EXCHANGE OF CERTIFICATES; NO FRACTIONAL SHARES

         After the Effective Date, the Company will issue certificates
representing one share of Common Stock in exchange for each four shares of
Common Stock presently outstanding upon surrender of an existing certificate
evidencing outstanding shares of Common Stock.

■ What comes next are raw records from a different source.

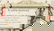 668: 1752 French World Map With Explorers Routes - 3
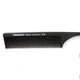 Anti-Static Carbon Hair Comb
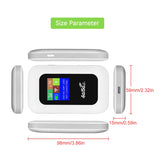 https://www.pulingo.com/products/4g-lte-wifi-router-150mbps-portable-wireless-mifi-modem-2100ma-mini-outdoor-wifi-hotspot-with-sim-card-slot-mobile-pocket-router?utm_source=copyToPasteBoard&utm_medium=product-links&utm_content=web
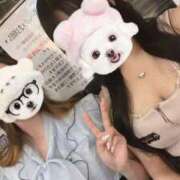 ヒメ日記 2025/06/28 19:36 投稿 ちか non-non 神田(ノンノン神田)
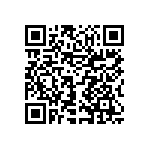 F950G337MTAAM1Q QRCode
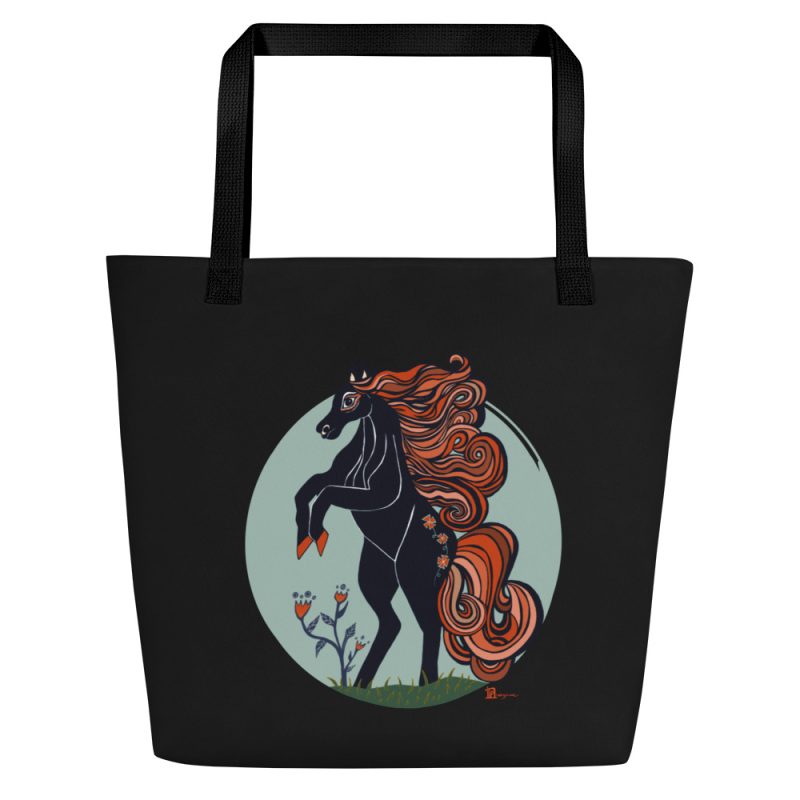 all-over-print-large-tote-bag-w-pocket-black-back-690f3745dc4d0.jpg all-over-print-large-tote-bag-w-pocket-black-back-690f3745dc4d0.jpg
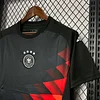 2024 Germany Pre-match Training Wear Football Shirt 1:1 Thai Quality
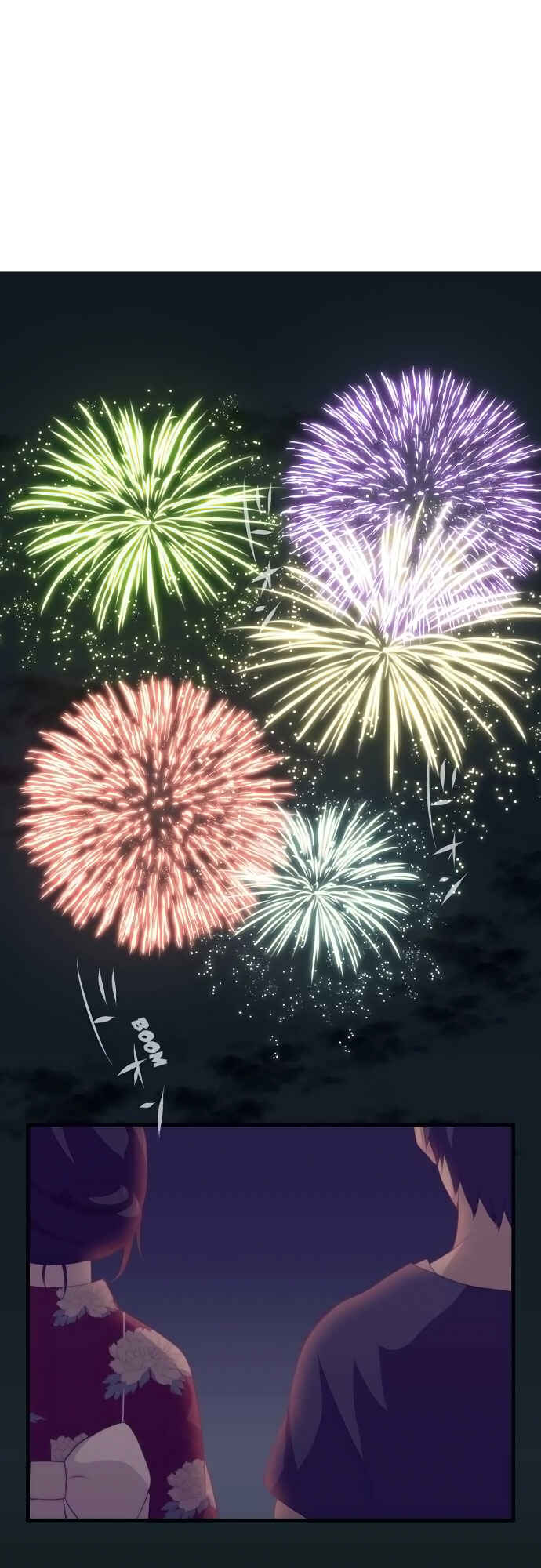Page 3 Chapter 104 ReLIFE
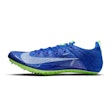 Nike Zoom Superfly Elite 2 Unisex Multi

NO FRACTIONAL SHARES OF COMMON STOCK WILL BE ISSUED IN CONNECTION WITH THE
REVERSE STOCK SPLIT. ASSUMING THE APPROVAL OF THE REVERSE STOCK SPLIT
AMENDMENT, A SHAREHOLDER WHO WOULD OTHERWISE BE ENTITLED TO RECEIVE, IN THE
AGGREGATE, A NUMBER OF SHARES OF COMMON STOCK THAT INCLUDED A FRACTION OF A
SHARE EQUAL TO OR GREATER THAN ONE-HALF WILL RECEIVE, IN LIEU THEREOF, THAT
NUMBER OF SHARES ROUNDED UP TO THE NEXT HIGHEST WHOLE SHARE. A SHAREHOLDER WHO
WOULD OTHERWISE BE ENTITLED TO RECEIVE, IN THE AGGREGATE, A NUMBER OF SHARES
THAT INCLUDED A FRACTION LESS THAN ONE-HALF WILL NOT RECEIVE SUCH FRACTIONAL
SHARE AND WILL BE ENTITLED ONLY TO THAT NUMBER OF SHARES AGGREGATE, ROUNDED
DOWN TO THE NEXT LOWEST WHOLE SHARE.

         The Company will appoint Harris Trust & Savings Bank as exchange agent
("Exchange Agent") in connection with the Reverse Stock Split. As soon as
practicable after the Effective Date, the holders of the Common Stock will be
notified that the Reverse Stock Split has been effected and will be asked to
surrender to the Exchange Agent any certificate(s) representing outstanding
shares of Common Stock in exchange for new certificate(s) representing the
reduced number of shares of Common Stock that will result from the Reverse Stock
Split. On the Effective Date, each certificate representing shares of Common
Stock will be deemed for all purposes to represent the reduced number of shares
of Common Stock that will result from the Reverse Stock Split, whether or not
the certificates representing outstanding Common Stock are surrendered for
exchange.


                                       -6-

<PAGE>   10
NO DISSENTERS' RIGHTS

         The TBCA does not vest shareholders of the Company with dissenters'
rights with respect to the Reverse Stock Split.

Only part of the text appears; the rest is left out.